If her brain were working better, she’d be able to think of a better way to phrase it to herself.

Gabriel wrenched open the door to the cellar, pausing only to tell her to close it behind them, then careened down the rickety wooden steps. Part of her mind that was keeping the endless lists on house renovations noted that they should fix those. The other part was sitting up and paying attention at the possibility of visiting the arcanium and all of its dark delights.

“We’re going to the arcanium?” she panted. “Now? But what about—”

“Whatever you’re worrying about, I don’t care,” Gabriel bit out. “It’s you I need to protect.”

Nic rolled her eyes to herself. Wizards. At least she could forever throw this back in Gabriel’s face if he ever again balked when she mentioned the nature of wizards. “You can’t seal me in the arcanium.”

He skidded to a stop. “Why not? That might actually work. They’re sacrosanct, right? No one can enter another wizard’s arcanium.”

“True. So when you find my desiccated corpse after I’ve died of thirst and hunger, no one else will have disturbed my bones,” she observed drily.

“I would bring you food. And water, as you’ve so often observed, is not an issue.” He grinned briefly, then strode on.

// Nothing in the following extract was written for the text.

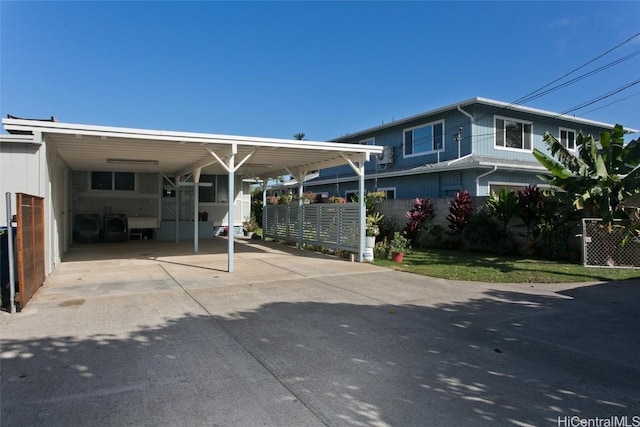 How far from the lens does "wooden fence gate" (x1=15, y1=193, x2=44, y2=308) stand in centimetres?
579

Since she was a patient and forbearing soul, she didn’t point out that he had a grip on her like a constrictor slowly squeezing the life from its prey. “If wizards could get away with imprisoning their familiars in their arcaniums, they no doubt would.” Nic drew in a deep breath when Gabriel paused to magically extract a fistful of silver nails from the door leading to the tunnel.

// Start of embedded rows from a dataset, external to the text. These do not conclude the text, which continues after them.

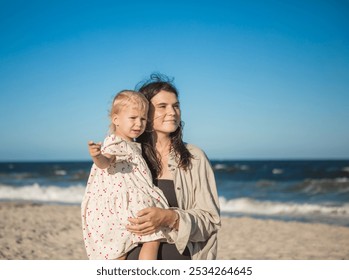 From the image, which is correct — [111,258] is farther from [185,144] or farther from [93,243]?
[185,144]

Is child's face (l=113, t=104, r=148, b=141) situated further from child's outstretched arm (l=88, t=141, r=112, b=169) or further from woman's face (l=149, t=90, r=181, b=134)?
child's outstretched arm (l=88, t=141, r=112, b=169)

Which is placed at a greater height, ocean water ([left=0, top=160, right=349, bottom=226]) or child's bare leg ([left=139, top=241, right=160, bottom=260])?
child's bare leg ([left=139, top=241, right=160, bottom=260])

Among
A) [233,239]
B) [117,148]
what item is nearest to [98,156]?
[117,148]

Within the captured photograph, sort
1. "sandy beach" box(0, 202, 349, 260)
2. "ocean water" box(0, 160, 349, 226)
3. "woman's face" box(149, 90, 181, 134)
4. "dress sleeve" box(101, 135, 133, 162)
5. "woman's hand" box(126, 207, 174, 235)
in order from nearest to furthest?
"woman's hand" box(126, 207, 174, 235), "dress sleeve" box(101, 135, 133, 162), "woman's face" box(149, 90, 181, 134), "sandy beach" box(0, 202, 349, 260), "ocean water" box(0, 160, 349, 226)

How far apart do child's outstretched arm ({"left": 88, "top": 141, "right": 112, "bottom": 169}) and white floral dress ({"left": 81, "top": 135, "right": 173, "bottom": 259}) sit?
91 mm

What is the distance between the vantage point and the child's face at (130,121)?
7.11 ft

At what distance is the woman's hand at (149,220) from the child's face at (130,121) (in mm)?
446

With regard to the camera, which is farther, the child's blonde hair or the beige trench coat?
the child's blonde hair

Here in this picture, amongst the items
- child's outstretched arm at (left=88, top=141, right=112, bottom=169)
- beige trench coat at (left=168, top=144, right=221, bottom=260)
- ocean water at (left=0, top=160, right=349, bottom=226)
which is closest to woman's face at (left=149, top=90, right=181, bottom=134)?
beige trench coat at (left=168, top=144, right=221, bottom=260)

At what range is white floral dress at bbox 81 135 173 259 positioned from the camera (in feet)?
6.74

“I didn’t want anyone opening this door and finding the tunnel by accident,” he explained to her questioning look, closing the door behind them and sending the nails flying to seal it again. “I know no one can enter the arcanium without us, but better to keep the curious from getting close.”

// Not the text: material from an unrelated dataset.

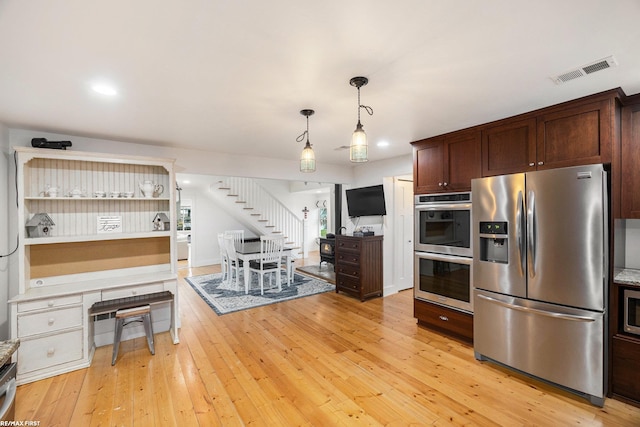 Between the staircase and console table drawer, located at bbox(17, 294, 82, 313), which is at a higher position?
the staircase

“It’s good thinking. Proper wizard paranoia. I’m so proud.” She pretended to wipe away a tear.

“You get more sarcastic when you’re upset,” he noted, charging down the tunnel. “So I’ll let that go.”

“Do I? And here I thought my sarcasm was all-purpose, wear anywhere, use anytime.”

“That too,” he muttered, pausing at the final doorway. He already had a grip on her, so he pulled the magic easily, blending it with his own to spiral the door open. “Get inside.”

She obeyed, though his high-handedness irritated her. “As much as I love it when you order me around, my only love, I really don’t—”

“Have time to argue,” he interrupted. “We’re going to need a lot of sex magic. Take off your clothes and kneel.”